DATASET SECTION:
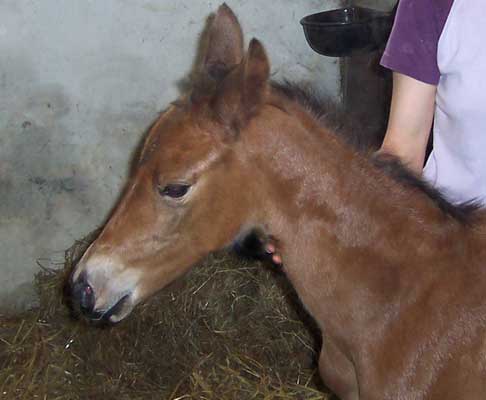 Fohlen v. EH.Goldschmidt
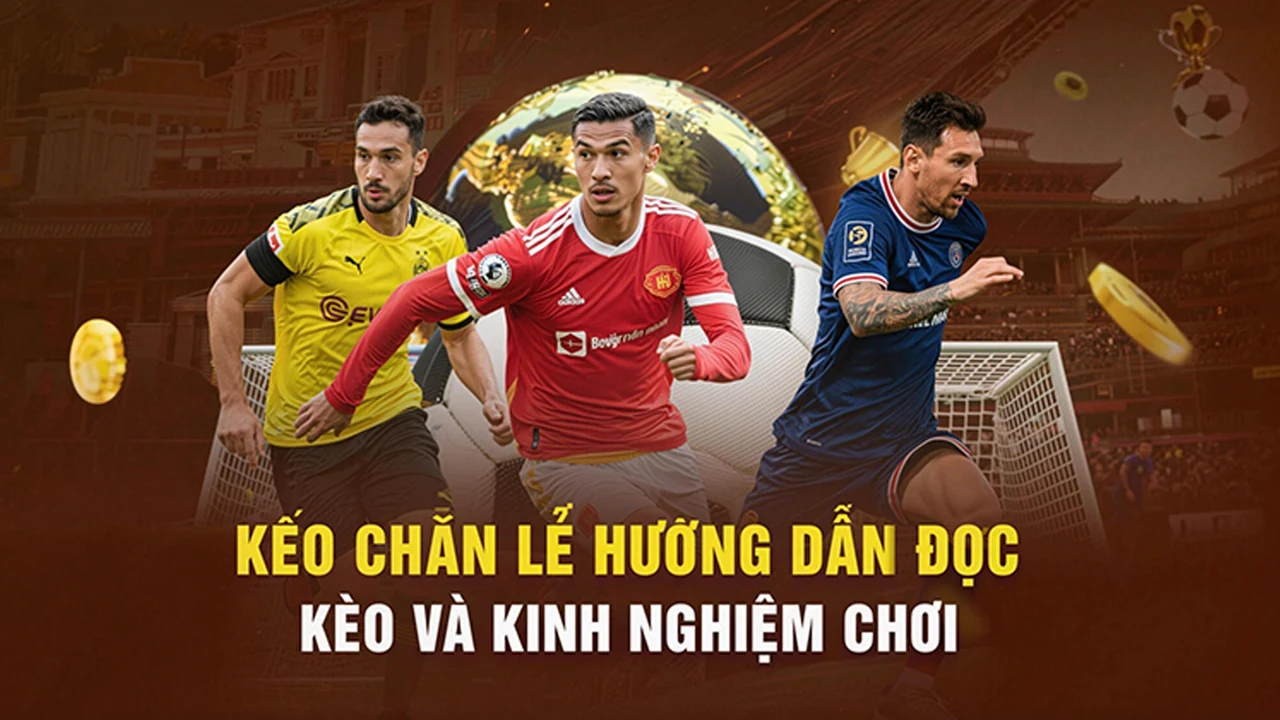 Thể thao trên RH88 – bước kiểm tra thực tế
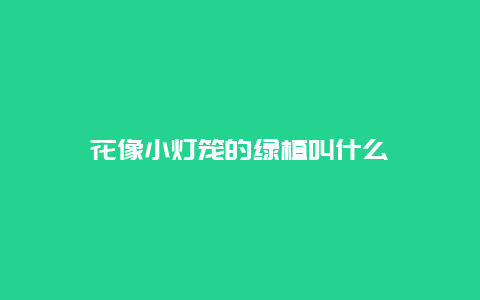 花像小灯笼的绿植叫什么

EXERCISE DETAILS: Only the pictures are dropped. Otherwise, write out the listing exactly.

OUTPUT OF THE EXERCISE:
 Fohlen v. EH.Goldschmidt
 Thể thao trên RH88 – bước kiểm tra thực tế
 花像小灯笼的绿植叫什么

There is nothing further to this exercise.